In the development of the technology of downsizing electronic apparatus, examples of which are; flat panel displays, arrays of switching or storage elements and discrete wiring, the trend in reduction of size is approaching conductor sizes of 100 micrometers in width and is resulting in a need for a bridging interconnection technique for a bridging element that is to be placed across an interuption in a conductive member on a substrate. The bridging element may be varied in shape and size and the location for the bridging may be such that compatibility with standard mass production techniques is limited. As two specific examples; in a first example,in large deposited wiring layouts a flaw in a single conductor can jeopardize the usefulness of the entire layout but a repair would require providing a single patch at a location in a mass produced and spaced array; and, as a second example in many arrays parallel circuitry is arranged when the array is made so that the parallel circuitry can be connected in as a repair for a failure in a portion of the array.
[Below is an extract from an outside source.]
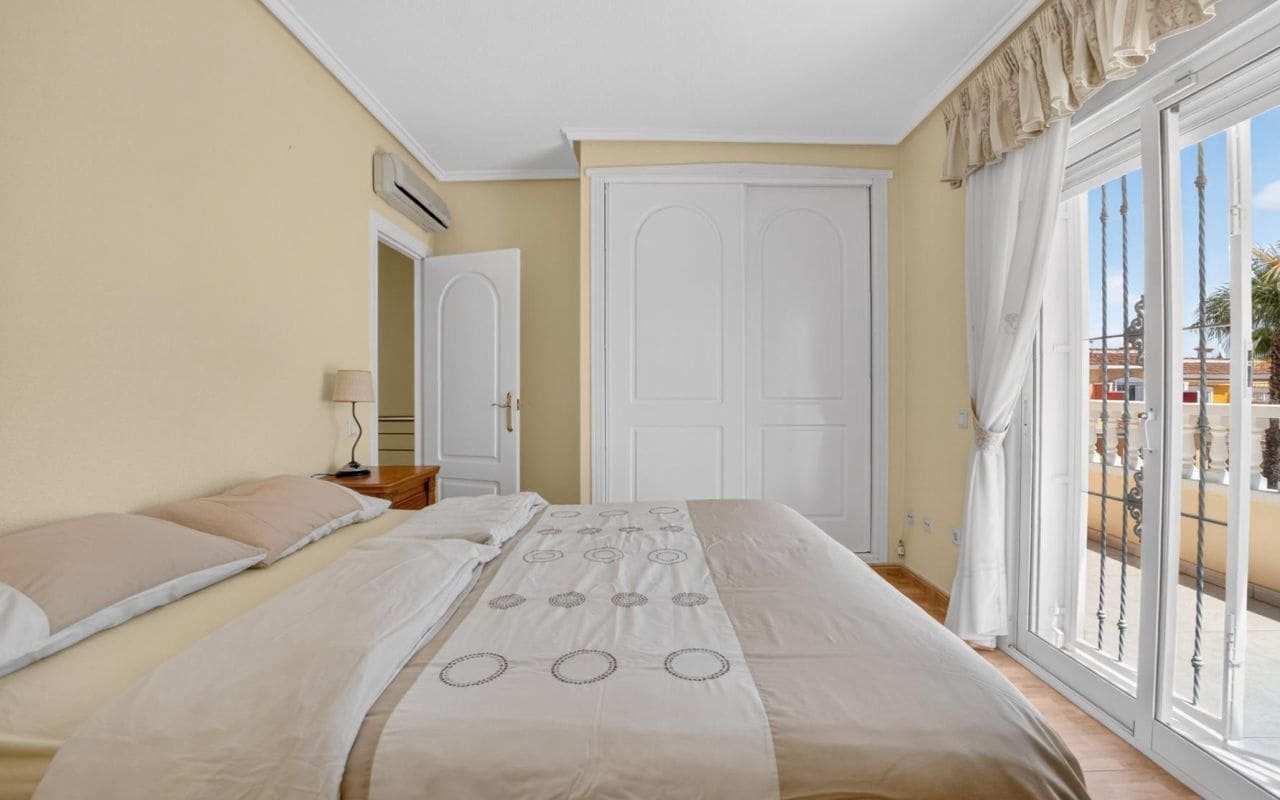 3 bedroom Townhouse for sale in Ciudad Quesada with pool - € 279,000 (Ref: 9802961)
In each of these types of examples a single location must be found and a bridging member connected in that joins conductive members. Such an operation requires a technique developing in the art of single point microbonding.
Single point microbonding requires precise alignment and positioning of the elements to be bonded. The operation has to take place at a location governed by what is being repaired or bridged and seldom can be predicted in advance, and the precise shape and size of the bridging part that will be needed also cannot be predicted. In some applications spheres are involved while in others small discs and pieces of wire are used.
There has been some attention directed to ball and line repair in the art.
For repair of interruptions in thin film lines. In one technique microwire segments are fabricated on thin polymer carriers and the polymer sheet is manipulated so that the microwire is located exactly over the interruption and bonded in place. This technique is illustrated in U.S. Pat. No. 5,079,070. In another technique a conductive repair patch is transported and released into a prepared location by a carrier tool. This technique is illustrated in U.S. Pat. No. 5,289,632.
In still another technique, in active line repair in display circuitry, a disc is bonded across two adjacent pads so positioned for connecting in alternate circuitry. This technique is illustrated in U.S. Ser. No. 08 (639,583) Apr. 29, 1996.
For repair of a missing solder ball in a pad array involving a chip, a solder ball is melted and attached to a heating tip coated with a solder wetting material then positioned and attached on the defective pad. This technique is illustrated in IBM TDB Vol. 39 No. 7 July 1996 p. 281.
At present no tool has been developed that is versatile enough to handle the many bridging shapes and be able to place them in the one at a time unique locations in the various applications without retooling and the sizes are much too small for any manual operations.